Abstract

Video capsule endoscopy (VCE) is limited by poor image quality and incomplete small-bowel transit. This study was designed to evaluate the diving method for VCE in the examination of small-intestinal disease. From July 2017 to September 2017, eligible patients were randomly assigned to 2 groups, the diving group and the control group. For the diving group, 500 mL of water was administered every hour when the capsule reached the small bowel. The primary outcomes were image quality and positive findings. Secondary outcomes were the completion rate of examination, gastric transit time (GTT), small-bowel transit time (SBTT), lesion detection rate, adverse events, and patient satisfaction. One hundred forty patients were included. The scores of endoscopic images in the proximal third andmiddle third of the small bowel in the diving group were significantly higher than that in the control group (3.47 ± .60 vs 3.11 ± .63 [P= .007] and 3.24 ± .59 vs 2.78 ± .74 [P= .002], respectively). The positive findings in the distal third of the small bowel were significantly different between the 2 groups (P= .005). The completion rate in the diving group was significantly higher (92.19% vs 76.32%, respectively; P= .012).

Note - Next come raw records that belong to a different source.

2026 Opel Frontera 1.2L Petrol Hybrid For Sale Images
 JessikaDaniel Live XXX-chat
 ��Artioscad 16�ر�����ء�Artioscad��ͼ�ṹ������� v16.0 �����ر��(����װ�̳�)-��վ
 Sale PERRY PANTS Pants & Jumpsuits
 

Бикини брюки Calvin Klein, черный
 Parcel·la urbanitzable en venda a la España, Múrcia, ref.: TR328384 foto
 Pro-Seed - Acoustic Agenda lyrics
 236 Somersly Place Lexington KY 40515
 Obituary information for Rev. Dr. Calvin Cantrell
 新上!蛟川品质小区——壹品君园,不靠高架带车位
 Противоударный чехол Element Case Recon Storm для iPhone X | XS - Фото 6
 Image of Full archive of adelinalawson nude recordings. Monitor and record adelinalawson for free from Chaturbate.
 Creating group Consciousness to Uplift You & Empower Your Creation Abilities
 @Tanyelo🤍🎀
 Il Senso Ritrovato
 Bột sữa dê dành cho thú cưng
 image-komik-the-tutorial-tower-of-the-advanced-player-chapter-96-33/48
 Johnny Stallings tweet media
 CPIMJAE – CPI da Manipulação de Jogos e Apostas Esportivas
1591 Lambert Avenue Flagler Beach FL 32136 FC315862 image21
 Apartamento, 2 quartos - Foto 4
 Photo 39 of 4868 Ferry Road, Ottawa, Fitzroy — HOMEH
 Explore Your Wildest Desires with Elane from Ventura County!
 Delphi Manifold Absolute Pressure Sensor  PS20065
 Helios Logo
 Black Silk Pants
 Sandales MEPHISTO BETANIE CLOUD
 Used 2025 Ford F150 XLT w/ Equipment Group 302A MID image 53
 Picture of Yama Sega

The GTT, SBTT, and lesion detection rate were similar in 2 groups (P= .282, .067, and .577, respectively). No discomfort or adverse events were reported except for a few cases of frequent urination. The diving method for VCE examination effectively improves the endoscopic view in the proximal and middle thirds of the small bowel and the positive findings in the distal small intestine and increases the completion rate. (Clinical trial registration number: ChiCTR-RDR-17011823.).